As of Thursday afternoon, many residents remain in Pelican Narrows, Sask., despite the community being under an evacuation order.
Weldon McCallum, a Pelican Narrows councillor for Peter Ballantyne Cree Nation, said the air is filled with thick smoke from a wildfire burning 10 kilometres away.
He said the fire isn’t visible from the community, but he’s decided to stay behind because there are others who are refusing to leave their homes.
“I feel like I have to stay with them. I wouldn’t leave until I knew everybody was out of town.”
For those in the community, air quality is a concern, McCallum said.
“I get a headache, I get an irritated throat. My eyes start burning,” he said of being outdoors in the heavy smoke.
He said the exact number of people staying behind is undetermined but he said more than 150 people have refused to leave. McCallum said there are 1,464 registered evacuees, but many who left the community on their own may not yet have registered.
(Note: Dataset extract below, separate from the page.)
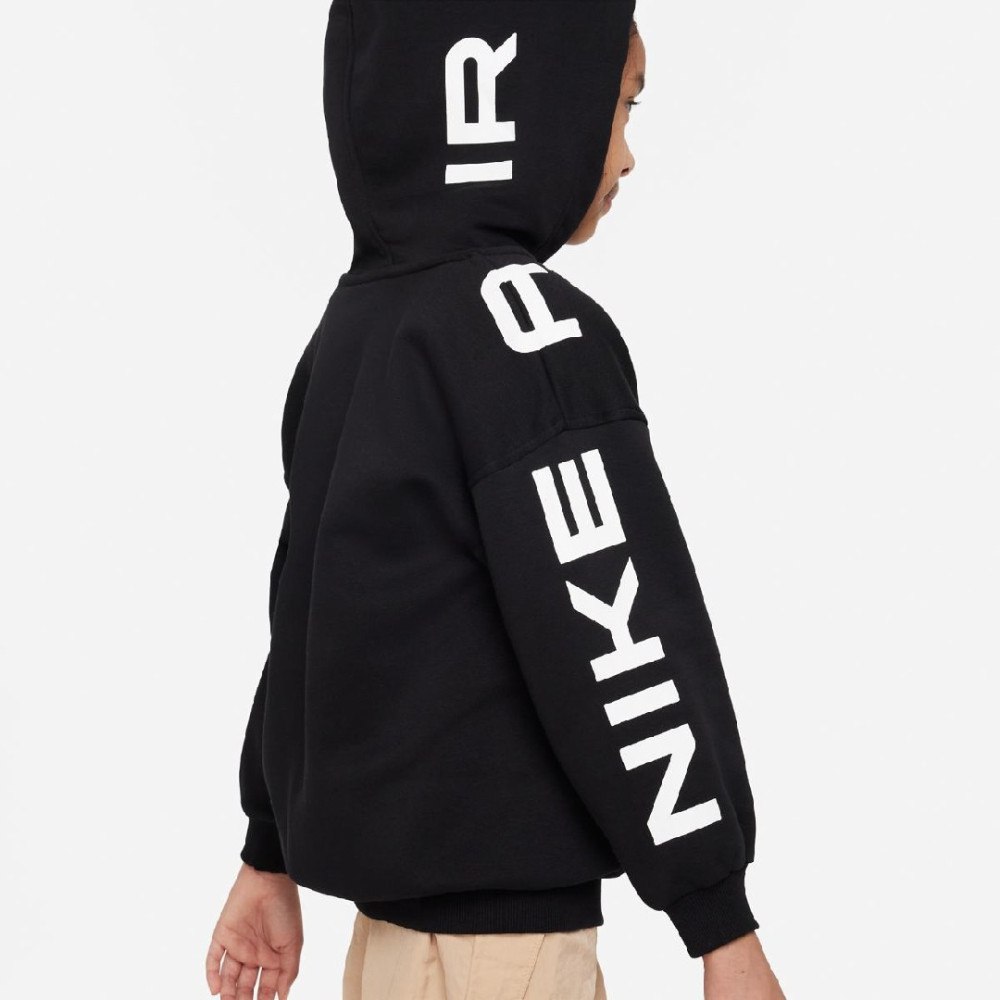 Дитяча толстовка Nike flc air hd fz ls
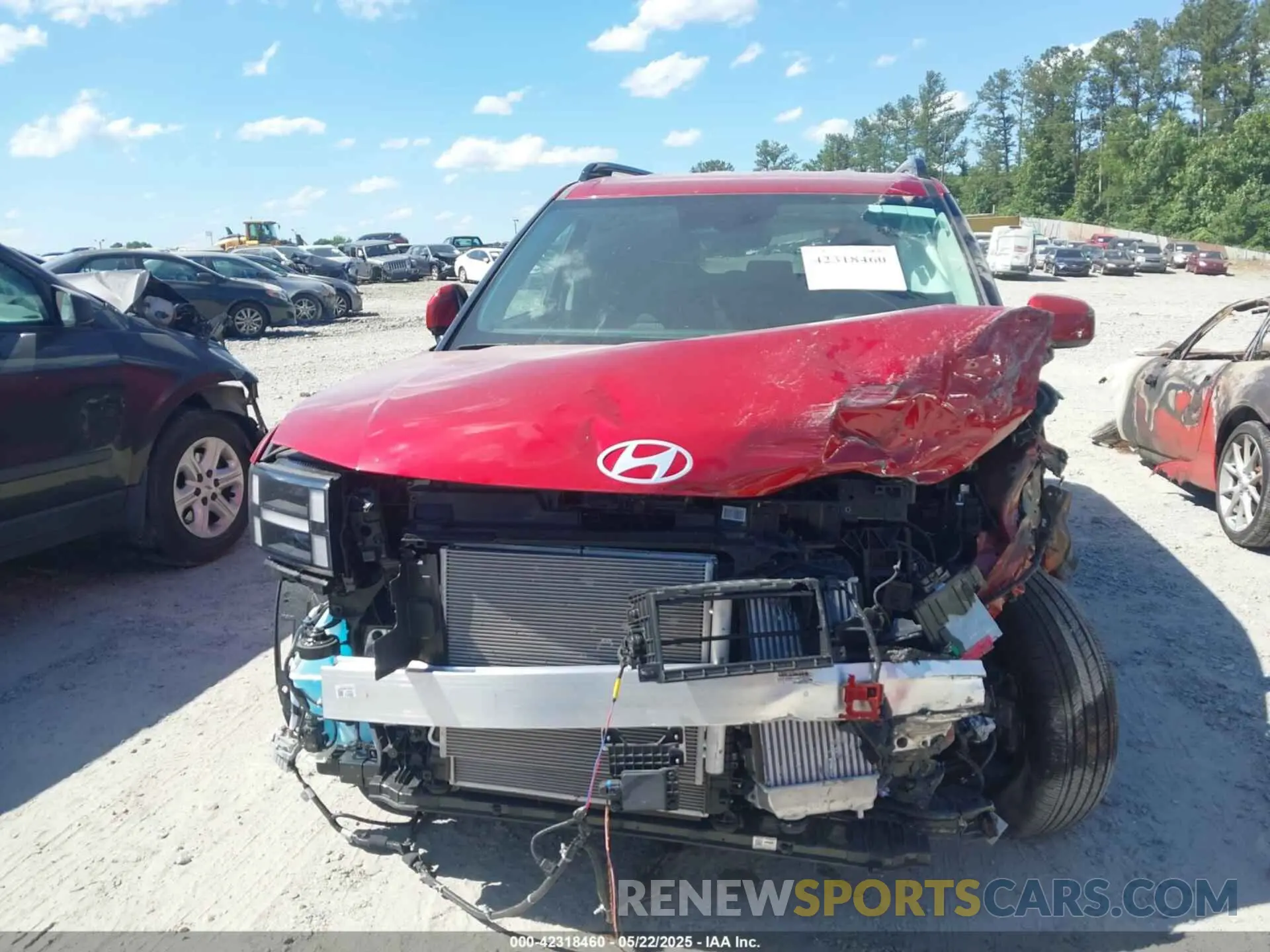 11 Фотография поврежденного автомобиля 5NMP24GL2SH098970 HYUNDAI SANTA FE 2025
As of Thursday, McCallum said highways out of the community were still closed.
When officials rule highways as passable, he said bus convoys will be sent out, escorted by police and two fire trucks.
“For the members that refused to evacuate, we did set a curfew bylaw from 9 p.m. to 7 a.m,” McCallum said.
“If there are people walking around, they’re asked to go home and stay indoors.”
He said the measure is part of an effort to give residents who left some peace of mind their home will be safe while they are away.
The band has also hired more than 10 security personnel who volunteered to stay behind and are stationed at the local youth centre, said McCallum.
The streets are patr olled at night and anyone caught breaking curfew will be served with a mandatory evacuation order and told to stay indoors, he added.
McCallum said anyone 16 years and younger found out at night causing trouble will be arrested, detained and forced to leave on the next bus convoy.